In a similar way, our bodies and minds never evolved to be under extreme stress for long periods of time. We are fine with stress while we are running away from a woolly mammoth. We are not designed for the kind of persistent low-level stress created by constantly having $100 in our account when the rent is $500. Unfortunately, our brains save resources by using the reward system to handle chronic stress. This means that stress increases addiction and addiction increases stress and both flow through to anxiety and depression.

Addiction and stress are not the only ways to create anxiety and depression but they are now the dominant pathways for most of us. The good news is that knowing the enemy is the key to stopping it. Once we know exactly how our operating system works and how it can be manipulated, we can use that knowledge to give ourselves the edge.

Part of the reason I didn’t think I was addicted to sugar was that I didn’t think I was eating that much of it. Then I started reading food labels. I found out that just by eating a bowl of Sultana Bran and a glass of orange juice, I had consumed 20 teaspoons of sugar before I pushed back from the breakfast table.
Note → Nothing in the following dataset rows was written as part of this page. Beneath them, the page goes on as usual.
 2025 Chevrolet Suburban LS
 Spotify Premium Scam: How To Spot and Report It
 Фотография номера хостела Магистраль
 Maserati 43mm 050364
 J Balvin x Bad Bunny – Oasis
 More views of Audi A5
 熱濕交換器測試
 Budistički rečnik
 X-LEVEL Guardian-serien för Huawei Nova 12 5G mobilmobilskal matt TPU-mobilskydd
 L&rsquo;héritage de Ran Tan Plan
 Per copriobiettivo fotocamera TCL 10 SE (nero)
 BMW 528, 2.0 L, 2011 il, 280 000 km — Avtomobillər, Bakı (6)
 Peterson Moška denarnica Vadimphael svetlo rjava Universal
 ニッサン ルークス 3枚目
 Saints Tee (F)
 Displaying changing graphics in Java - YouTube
That was just the start. BBQ sauce can be half sugar, some yoghurt has more sugar than ice-cream and there is often more sugar in low-fat mayonnaise than Coke. Knowing how much I was eating, and reading the science of exactly how it addicted me to make sure I kept eating, was the key to me stopping. I am hoping this book can do the same for all of us, with the addictions we may not be aware we have.

Addiction is loss of control. It is not being able to say ‘no’ when offered just one chocolate. It is settling down to a quick look at your socials and then wondering what happened to the last three hours. It is having just one more game, then realising the night has disappeared. It’s putting on one more multi-bet because you are sure your luck has changed. We may not feel like rats in a cage being manipulated to press the lever for reward, but that is the subtle art of addiction. If you want to see if you really are exercising free will, just try to stop.

Anxiety and depression are a direct result of dopamine signalling. Too many dopamine hits too often will lead to mental illness as certainly as night follows day. We can get those dopamine hits by becoming addicted to substances or behaviours that deliver them or by living in a state of stress. Both of these processes are significantly accelerated by uncertainty. Uncertainty takes an interesting and rewarding experience and at least doubles the perceived excitement and the size of the consequent dopamine spike. Equally, when bad things may or may not happen, the uncertainty at leastdoubles the dopamine hit, to make sure we are on full alert. It is like a free supersized dopamine hit for no extra effort.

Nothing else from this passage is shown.